Now, we want to line up four circles of equal size, so that they "just touch" in six places--each pair of circles touching exactly once. You can do that by inscribing them on the sides of a regular tetrahedron, which (to avoid confusing with other tetrahedra) I'm going to call "the BIG tetrahedron." (The other requirement we make of the circles is that we have to be able to superimpose 4 vertices of a cube on their centres, but we'll see in time that this can be done.)

The first claim I'll make is that the four circles' centres are in a "tetrahedral pattern." You can see that this must be the case. Let's say that the distance between two of the centres ('a' and 'b', say) is X. Well, we can rotate the big tetrahedron around so that the two other centres ('c' and 'd', say) take the place of where 'a' and 'b' were, so the distance between 'c' and 'd' has to be X as well. In other words, all circle centres are the same distance apart, so their pattern is tetrahedral.

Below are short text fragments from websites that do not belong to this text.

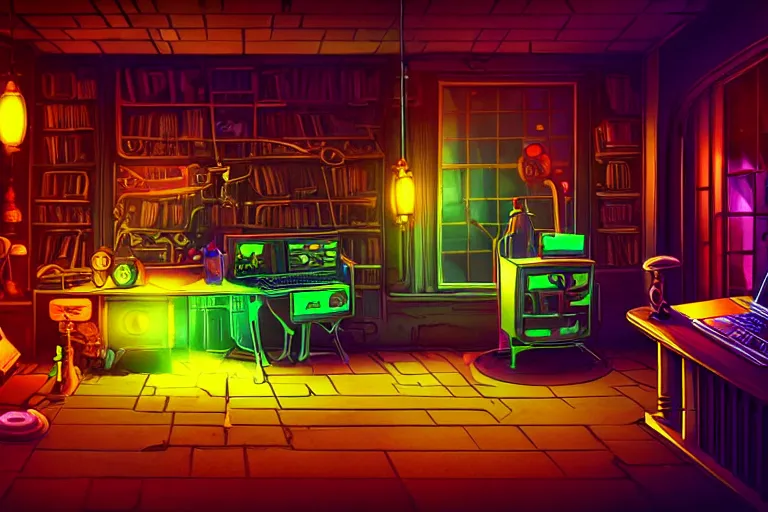 Prompt: A mouse is working on a computer in a Gothic atelier, detailed, colorful, glowing lighting, 4k, dimly lit, in the style of vintage Disney 90s retro future,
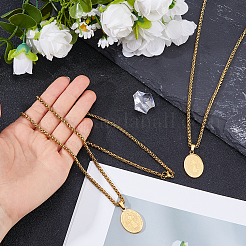 2Pcs Stainless Steel Saint Benedict Oval Medal Pendant Wheat Chain Necklaces&nbsp;NJEW-DC0001-20G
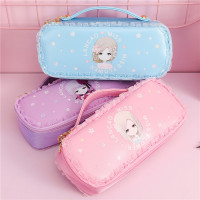 笔袋女文具盒防水笔袋防脏耐脏女生小学生蕾丝公主小仙女花语姑娘卡通少女多功能密码锁铅笔袋小清新创意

The second claim I'll make is that the stable set on a cube also forms a "tetrahedral pattern" in space. Let's use the unit cube whose vertices are {(0,0,0), (0,0,1), (0,1,0), (0,1,1), (1,0,0), (1,0,1), (1,1,0), (1,1,1)}. One of the stable sets of this cube is {(0,0,0), (0,1,1), (1,0,1), (1,1,0)}. Clearly, any two of these points are a distance sqrt(2) apart. So the stable set forms a tetrahedral pattern in space.

The great thing about that is that by magnifying, rotating and translating one tetrahedral pattern of points, we can move them around so they cover up another tetrahedral pattern. So by magnifying, rotating and translating our unit cube we can cover up the 4 circle centres with the 4 vertices in cube's stable set, without our cube losing that lovely "cube shape." Therefore it is possible for a cube to incorporate the centres of 4 circles which all "just touch each other."

(I may have botched the calculation, but I believe the volume of the cube we want is sqrt(6) / 36. I will have to double check.)

Nice job!

Well done ! I believe your proof boils down to saying that a tetrahedron can be formed by joining the ends of diagonals perpendicular to each other from two opposite faces of a cube.